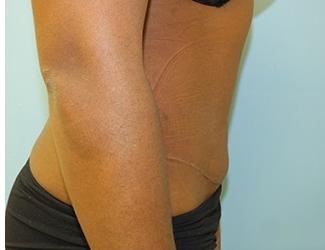 Tummy Tuck Before & After Patient #8192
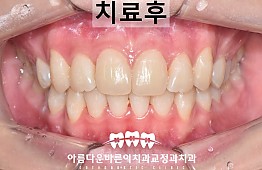 수술후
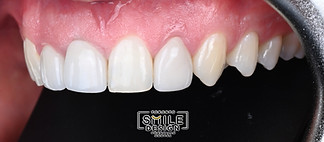 Cosmetic Dentistry in Toronto_edited.jpg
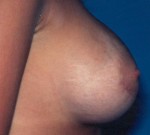 Breast Augmentation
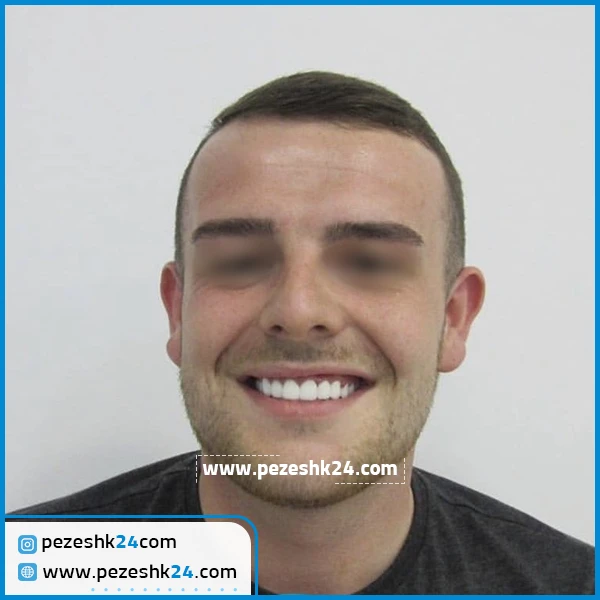 کامپوزیت دندان کلینیک گیشا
###
All of the entries must be reproduced exactly, with no pictures kept.

 Tummy Tuck Before & After Patient #8192
 수술후
 Cosmetic Dentistry in Toronto_edited.jpg
 Breast Augmentation
 کامپوزیت دندان کلینیک گیشا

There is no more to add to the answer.